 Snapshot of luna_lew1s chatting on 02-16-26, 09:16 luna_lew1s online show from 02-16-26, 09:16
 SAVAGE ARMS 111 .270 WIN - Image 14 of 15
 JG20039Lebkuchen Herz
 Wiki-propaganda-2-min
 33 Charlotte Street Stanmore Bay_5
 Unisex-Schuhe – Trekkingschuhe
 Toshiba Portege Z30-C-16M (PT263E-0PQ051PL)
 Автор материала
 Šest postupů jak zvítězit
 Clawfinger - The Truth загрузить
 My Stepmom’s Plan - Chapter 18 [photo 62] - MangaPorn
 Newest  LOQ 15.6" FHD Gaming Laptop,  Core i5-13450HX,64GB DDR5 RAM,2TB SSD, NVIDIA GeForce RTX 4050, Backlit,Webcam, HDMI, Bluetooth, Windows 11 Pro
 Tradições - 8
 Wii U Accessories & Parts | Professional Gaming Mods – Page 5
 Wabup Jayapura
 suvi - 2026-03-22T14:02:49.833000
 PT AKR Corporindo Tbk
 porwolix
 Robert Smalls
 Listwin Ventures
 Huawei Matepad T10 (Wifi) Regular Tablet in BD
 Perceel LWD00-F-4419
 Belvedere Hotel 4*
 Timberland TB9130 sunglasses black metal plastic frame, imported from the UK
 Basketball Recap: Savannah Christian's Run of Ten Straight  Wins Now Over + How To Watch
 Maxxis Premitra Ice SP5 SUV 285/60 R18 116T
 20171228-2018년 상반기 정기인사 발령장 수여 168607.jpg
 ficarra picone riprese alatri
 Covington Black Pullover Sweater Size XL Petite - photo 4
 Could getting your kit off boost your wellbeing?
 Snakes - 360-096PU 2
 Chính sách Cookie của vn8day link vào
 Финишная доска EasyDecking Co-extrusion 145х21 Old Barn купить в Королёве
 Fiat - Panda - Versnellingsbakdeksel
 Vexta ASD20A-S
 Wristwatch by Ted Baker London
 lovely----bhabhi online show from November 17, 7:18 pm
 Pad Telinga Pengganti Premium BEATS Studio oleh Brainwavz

Task to complete: Copy all lines of the preceding data that hold the word "from".

Response to this task:
 Snapshot of luna_lew1s chatting on 02-16-26, 09:16 luna_lew1s online show from 02-16-26, 09:16
 Timberland TB9130 sunglasses black metal plastic frame, imported from the UK
 lovely----bhabhi online show from November 17, 7:18 pm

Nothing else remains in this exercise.